# WHAT IS BEING ASKED
Beginning at the line that contains "Iris Mittenaere à", repeat every line of the listing exactly through the final one.

# AVAILABLE DATA
--------------------
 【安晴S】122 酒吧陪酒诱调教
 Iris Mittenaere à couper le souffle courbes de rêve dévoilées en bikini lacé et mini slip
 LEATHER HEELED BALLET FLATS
--------------------
# PROBLEM SOLUTION
 Iris Mittenaere à couper le souffle courbes de rêve dévoilées en bikini lacé et mini slip
 LEATHER HEELED BALLET FLATS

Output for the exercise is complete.